■ **Problem requirements**
The answer is the first line of the listing and every line after it through the one containing "Hey everyone, and", exact, with pictures removed.

■ **Stored data**
▬▬▬▬▬▬
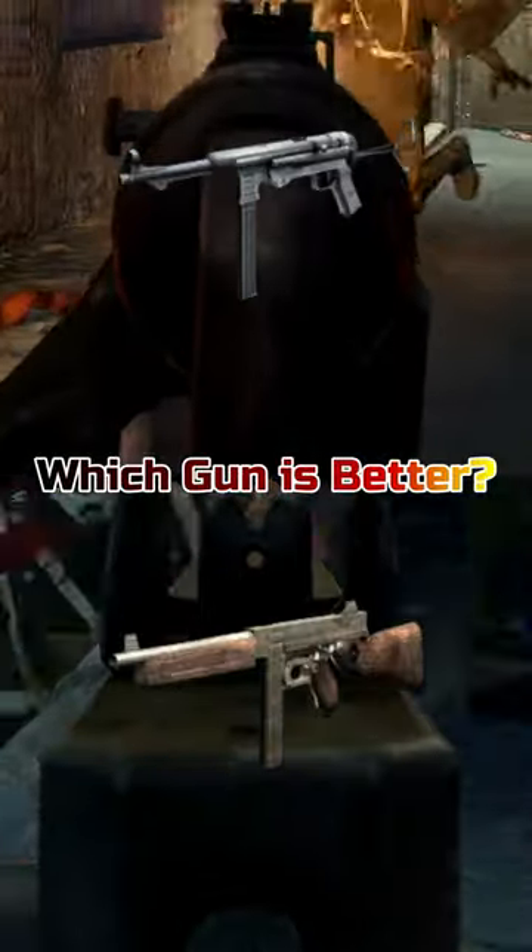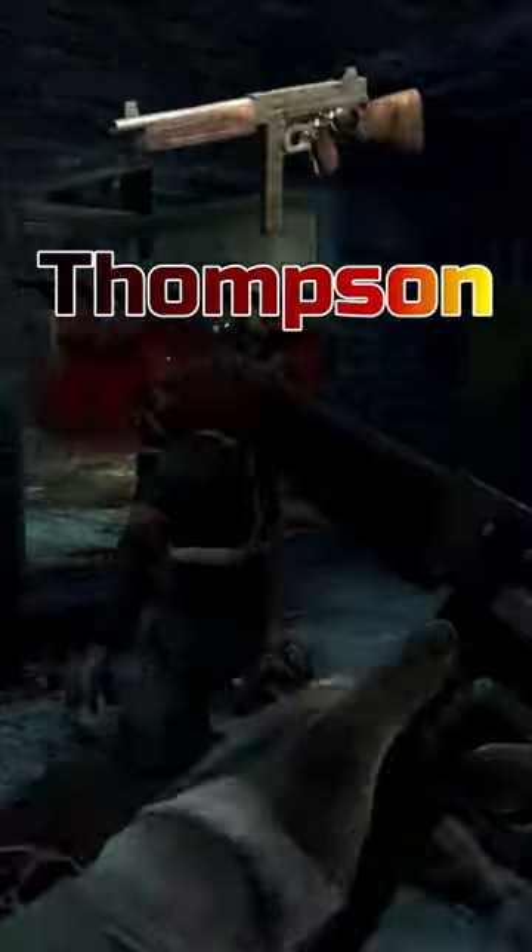Which one of these classic wall weapons is better — the MP40 or the Thompson? Today I'm going to be showing you the stats and we're going to compare them and see which gun is truly better. Let me know in the comments which gun you think is better. Anyways, with that being said, let's get started.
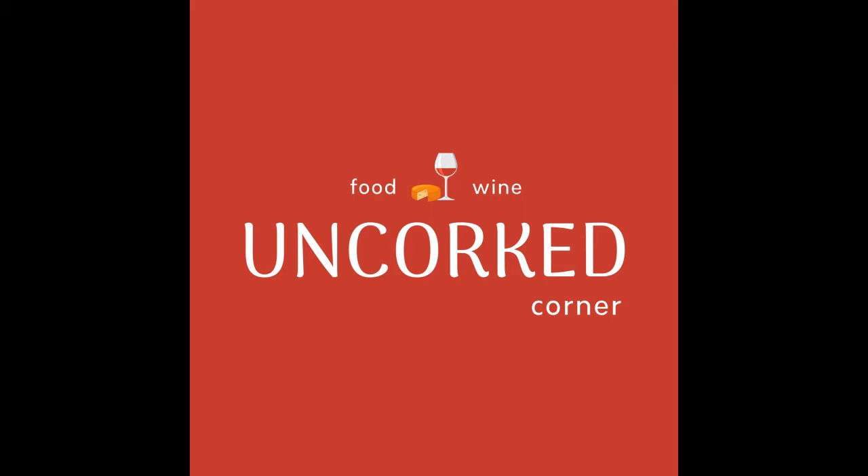Hey everyone, and welcome to the Uncorked Corner podcast, where we cover the full-spread food and beverage industry topics. My name is Bianca, PR and marketing professional by day and food and wine connoisseur by night. And my name is Nick, an accountant with a passion for barbecue, beer, and whiskey.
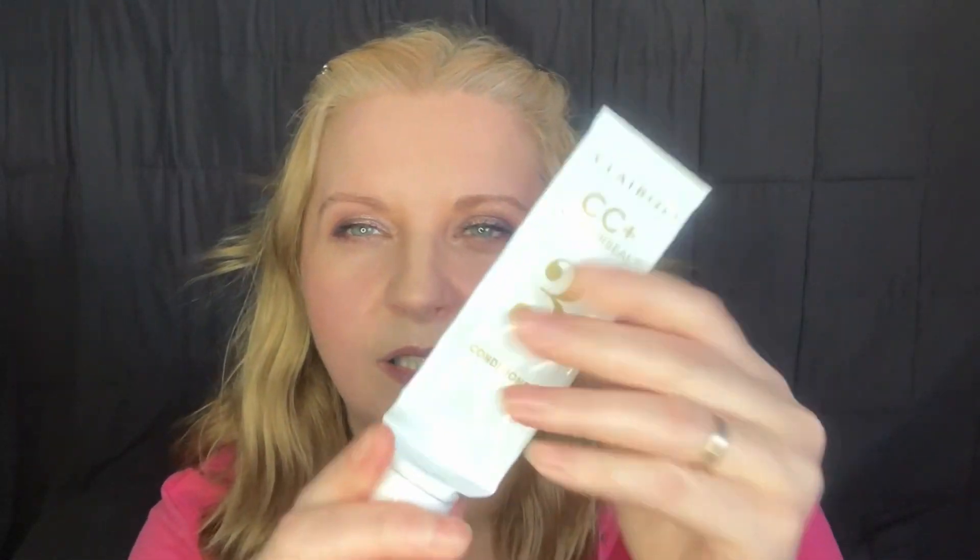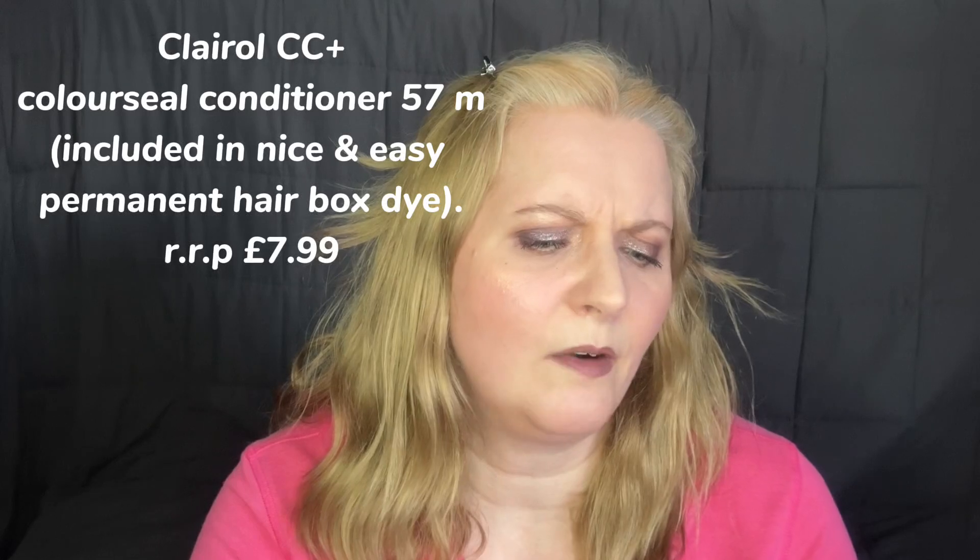I've got a conditioner that came out of a hair dye. I wish they'd do these in a massive size because have you ever noticed when they do these they're always better than the ones you get in normal bottles from shops? I think it's got a load of dimethicone in it — probably to disguise the fact that you've dyed your hair and damaged it. It coats your hair and makes you think oh my hair is so lovely and soft. Still, it's really good and I would buy it if they did it in a bottle. It's the Clairol one that came in a Nice and Easy dye.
▬▬▬▬▬▬
■ **Response to this exercise**
Which one of these classic wall weapons is better — the MP40 or the Thompson? Today I'm going to be showing you the stats and we're going to compare them and see which gun is truly better. Let me know in the comments which gun you think is better. Anyways, with that being said, let's get started.
Hey everyone, and welcome to the Uncorked Corner podcast, where we cover the full-spread food and beverage industry topics. My name is Bianca, PR and marketing professional by day and food and wine connoisseur by night. And my name is Nick, an accountant with a passion for barbecue, beer, and whiskey.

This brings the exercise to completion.